DestaqueMundo

Volodymyr Zelensky alerta sobre as ameaças nucleares da Rússia

0
epa09846713 A handout photo made available by the Ukrainian Presidential Press Service shows Ukrainian President Volodymyr Zelensky in Kyiv (Kiev), Ukraine, 24 March 2022, addressing the participants of the Group of Seven (G7) Leaders meeting in Brussels, Belgium. The day marks one month since the beginning of the full-scale invasion of Ukraine by Russian forces. EPA/UKRAINIAN PRESIDENTIAL PRESS SERVICE HANDOUT -- MANDATORY CREDIT: UKRAINIAN PRESIDENTIAL PRESS SERVICE -- HANDOUT EDITORIAL USE ONLY/NO SALES

O presidente ucraniano, Volodymyr Zelensky, alertou hoje que o aumento da ameaça nuclear russa no quadro da guerra na Ucrânia põe em perigo a segurança global, dirigindo-se aos deputados do Parlamento da Austrália. 

“Durante dezenas de anos não houve ameaça de um ataque nuclear como a que temos agora, porque os propagandistas russos discutem abertamente a possibilidade do uso de armas nucleares contra aqueles que não querem submeter-se às ordens (da Rússia)”, disse Zelensky num discurso transmitido em direto e com tradução simultânea perante os parlamentares australianos.

“O país que usa a chantagem nuclear deveria ser alvo de sanções, o que poderia demonstrar que essa chantagem é destrutiva para o próprio chantagista”, assinalou Zelensky.

Na transmissão por videoconferência, o chefe de Estado da Ucrânia pediu ajuda à Austrália no sentido de intensificar as sanções contra Moscovo, e pediu igualmente equipamento militar, nomeadamente veículos.

“Vocês têm bons veículos blindados, Bushmasters (de fabrico australiano) que podiam ajudar a Ucrânia de forma substancial, e outro equipamento”, pediu o chefe de Estado da Ucrânia.

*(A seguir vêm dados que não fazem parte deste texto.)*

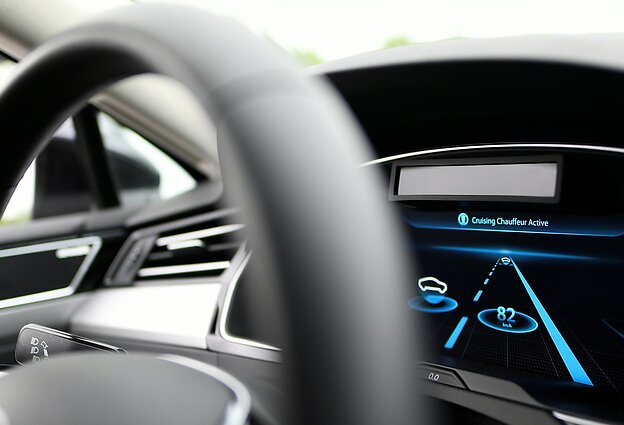 Kairiosios eismo juostos blokavimas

Anteriormente, o primeiro-ministro do governo de Camberra, Scott Morrison, anunciou que a Austrália vai doar mais 25 milhões de dólares australianos (16,7 milhões de euros) para ajuda militar à Ucrânia.

O montante anunciado hoje junta-se aos 156 milhões de dólares australianos (111 milhões de euros) que Camberra já enviou para Kiev, além do material militar (letal e defensivo).

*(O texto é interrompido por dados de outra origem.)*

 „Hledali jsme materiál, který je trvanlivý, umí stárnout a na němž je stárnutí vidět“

A Austrália impôs uma série de sanções contra a Rússia e a Bielorrússia, país aliado de Moscovo, em condenação contra a invasão da Ucrânia.

Zelensky, no mesmo discurso, recordou ainda o derrube do avião comercial MH17 pelas forças pró-russas em território ucraniano, em julho de 2014, em que morreram 298 pessoas, na maioria de nacionalidade holandesa e australiana.

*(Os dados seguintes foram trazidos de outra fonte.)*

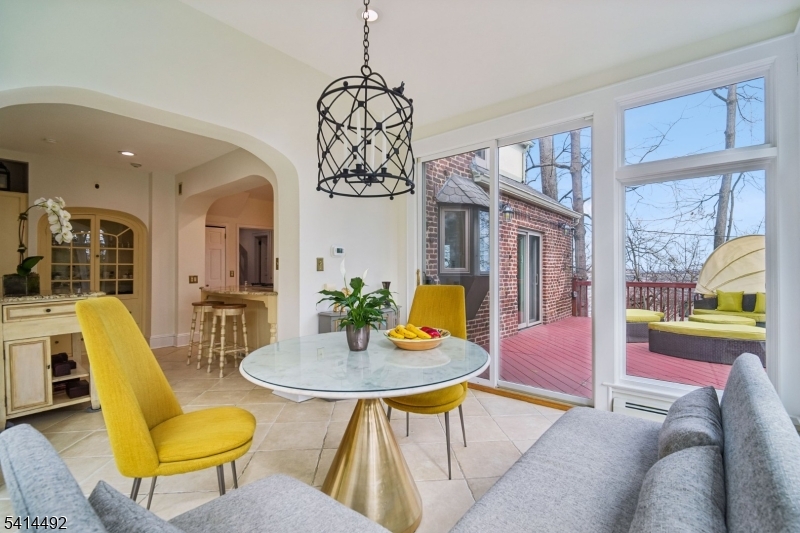 Upper Wyoming - Residential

“Se tivéssemos castigado a Rússia pelo que fez… não teria havido invasão”, disse o chefe de Estado ao Parlamento da Austrália.

Zelensky mantém os contactos que está a estabelecer com os parlamentos dos Estados Unidos, Reino Unido, países da União Europeia, entre outros.

A Rússia lançou em 24 de fevereiro uma ofensiva militar na Ucrânia que matou pelo menos 1.189 civis, incluindo 108 crianças, e feriu 1.901, entre os quais 142 crianças, segundo os mais recentes dados da ONU, que alerta para a probabilidade de o número real de vítimas civis ser muito maior.

A guerra provocou a fuga de mais de 10 milhões de pessoas, incluindo mais de 4 milhões de refugiados em países vizinhos e quase 6,5 milhões de deslocados internos.

A ONU estima que cerca de 13 milhões de pessoas necessitam de assistência humanitária na Ucrânia.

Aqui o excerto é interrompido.